ACTION ITEM
Within the material below, locate the line with "48 N 3rd St #3" and the line with "Load image into", then return those two lines and all lines between them, exactly as written.

RECORDS FOR PROCESSING

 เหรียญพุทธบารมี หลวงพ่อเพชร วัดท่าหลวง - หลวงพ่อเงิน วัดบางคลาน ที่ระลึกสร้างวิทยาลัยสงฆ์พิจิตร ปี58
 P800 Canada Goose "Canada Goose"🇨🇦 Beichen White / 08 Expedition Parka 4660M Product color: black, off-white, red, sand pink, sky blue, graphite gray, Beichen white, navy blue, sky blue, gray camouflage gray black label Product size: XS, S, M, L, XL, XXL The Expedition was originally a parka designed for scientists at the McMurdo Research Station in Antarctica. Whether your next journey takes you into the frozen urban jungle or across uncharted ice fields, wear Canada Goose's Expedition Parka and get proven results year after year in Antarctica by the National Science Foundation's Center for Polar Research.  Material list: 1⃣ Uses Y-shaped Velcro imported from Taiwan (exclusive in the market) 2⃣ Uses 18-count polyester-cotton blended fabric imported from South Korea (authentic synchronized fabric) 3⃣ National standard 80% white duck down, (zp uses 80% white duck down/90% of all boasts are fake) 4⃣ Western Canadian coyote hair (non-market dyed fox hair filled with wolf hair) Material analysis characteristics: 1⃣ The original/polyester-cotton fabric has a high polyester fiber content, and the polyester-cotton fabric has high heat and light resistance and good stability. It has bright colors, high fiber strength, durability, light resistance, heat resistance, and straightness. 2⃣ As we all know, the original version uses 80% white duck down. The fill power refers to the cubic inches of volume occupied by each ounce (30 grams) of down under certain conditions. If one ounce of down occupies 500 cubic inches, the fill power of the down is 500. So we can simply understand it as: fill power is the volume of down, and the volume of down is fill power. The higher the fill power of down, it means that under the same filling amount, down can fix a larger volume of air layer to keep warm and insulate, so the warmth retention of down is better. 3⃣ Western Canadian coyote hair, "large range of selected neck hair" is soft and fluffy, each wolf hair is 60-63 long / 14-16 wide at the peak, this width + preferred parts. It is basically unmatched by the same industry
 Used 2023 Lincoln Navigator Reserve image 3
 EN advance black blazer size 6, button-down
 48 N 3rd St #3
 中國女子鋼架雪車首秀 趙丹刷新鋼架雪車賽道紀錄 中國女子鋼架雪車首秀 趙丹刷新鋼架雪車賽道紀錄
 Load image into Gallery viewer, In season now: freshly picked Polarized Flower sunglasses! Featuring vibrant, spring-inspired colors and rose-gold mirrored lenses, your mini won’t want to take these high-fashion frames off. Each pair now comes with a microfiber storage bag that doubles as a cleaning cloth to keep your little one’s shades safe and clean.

--

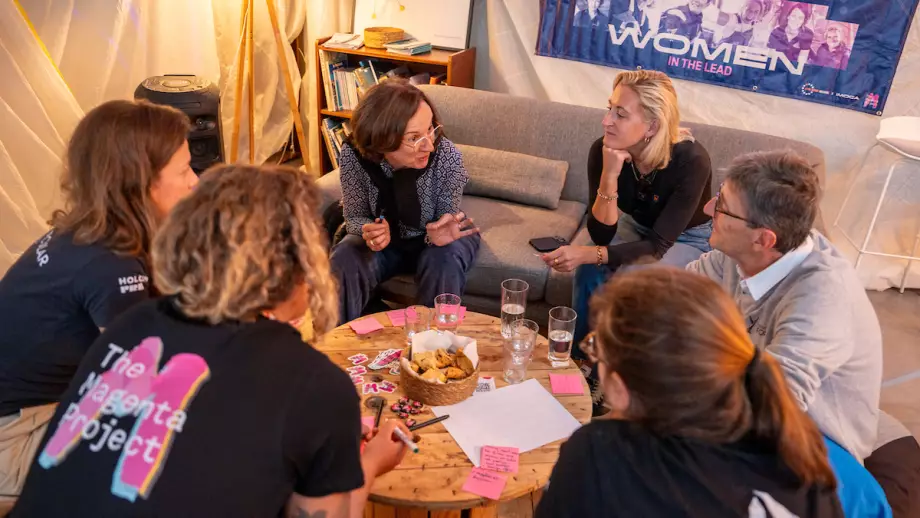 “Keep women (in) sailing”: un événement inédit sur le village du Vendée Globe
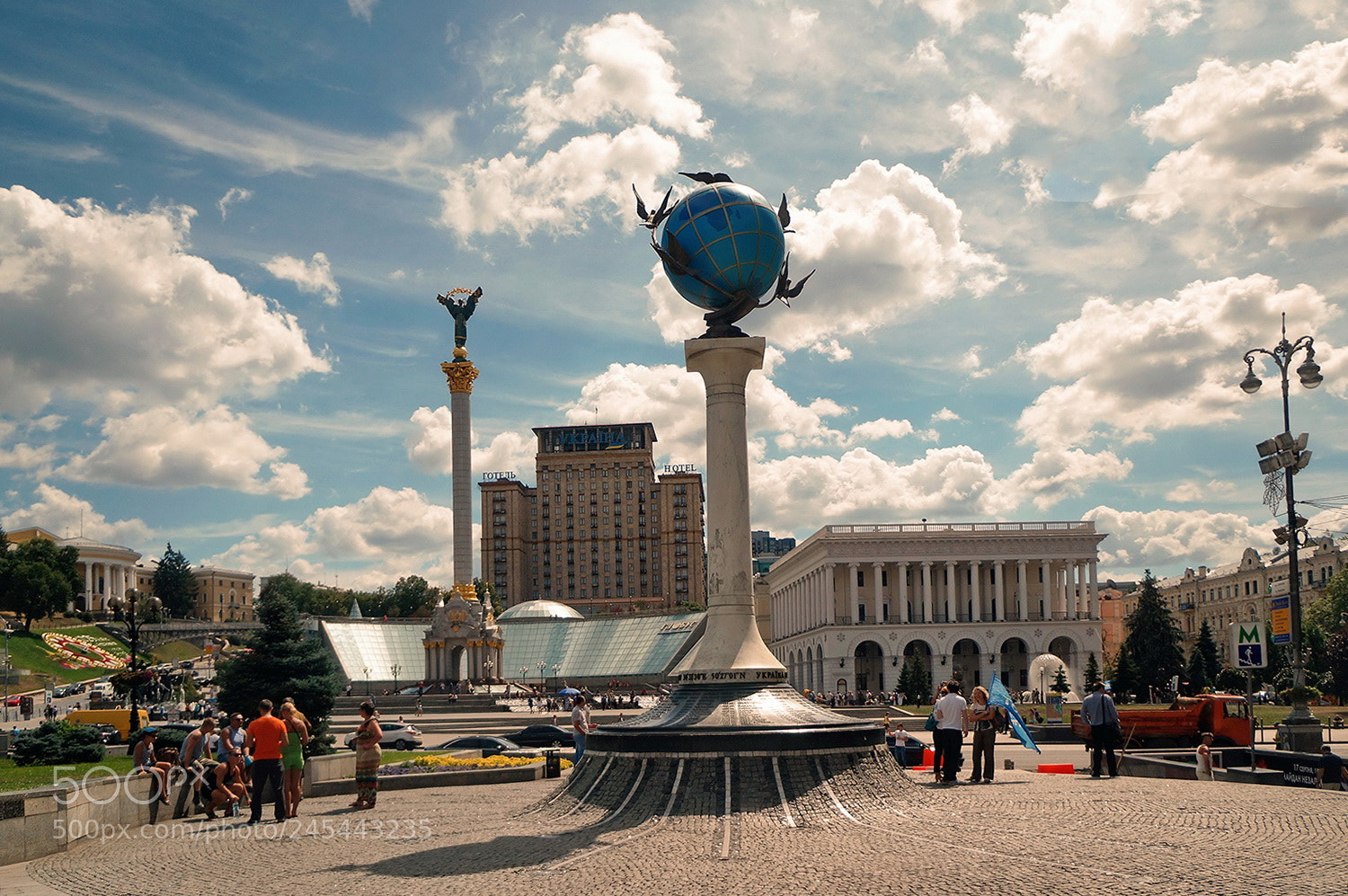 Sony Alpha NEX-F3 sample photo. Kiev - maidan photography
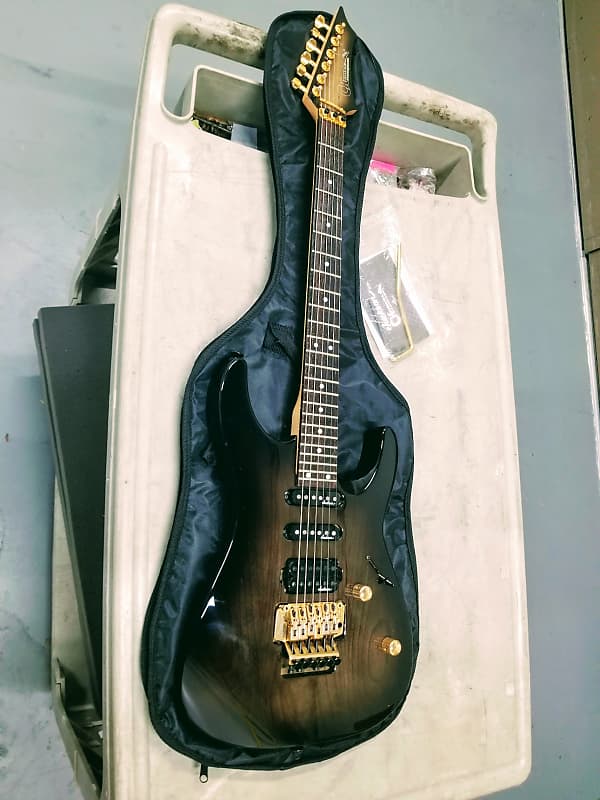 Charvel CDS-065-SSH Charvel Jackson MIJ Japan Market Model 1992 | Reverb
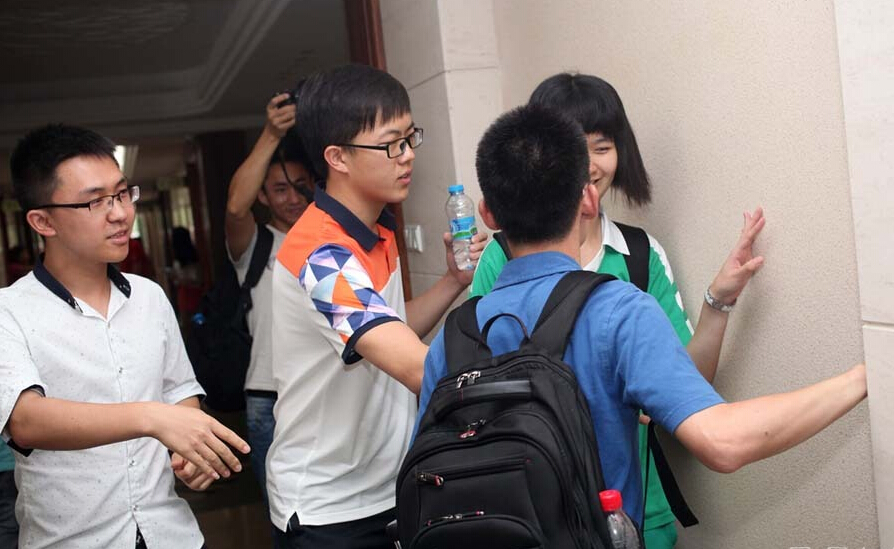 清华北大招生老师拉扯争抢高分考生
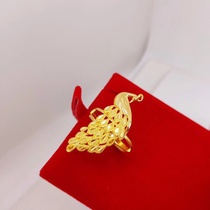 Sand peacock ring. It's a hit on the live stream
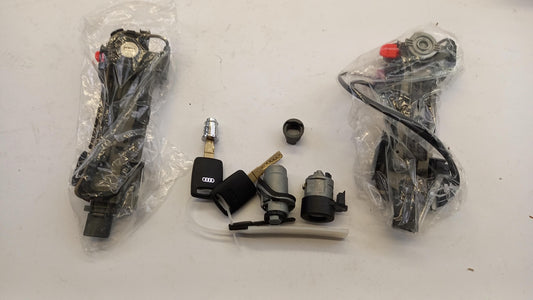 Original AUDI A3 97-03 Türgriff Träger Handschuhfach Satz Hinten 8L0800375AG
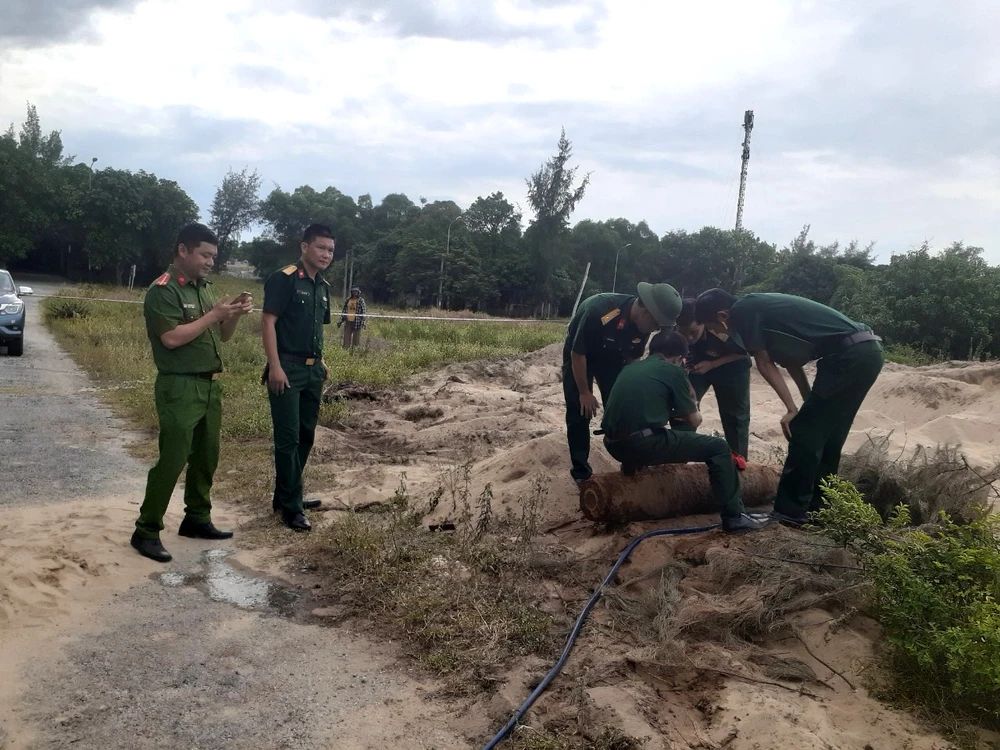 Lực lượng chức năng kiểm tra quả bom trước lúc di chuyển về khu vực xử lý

WRITTEN SOLUTION
 48 N 3rd St #3
 中國女子鋼架雪車首秀 趙丹刷新鋼架雪車賽道紀錄 中國女子鋼架雪車首秀 趙丹刷新鋼架雪車賽道紀錄
 Load image into Gallery viewer, In season now: freshly picked Polarized Flower sunglasses! Featuring vibrant, spring-inspired colors and rose-gold mirrored lenses, your mini won’t want to take these high-fashion frames off. Each pair now comes with a microfiber storage bag that doubles as a cleaning cloth to keep your little one’s shades safe and clean.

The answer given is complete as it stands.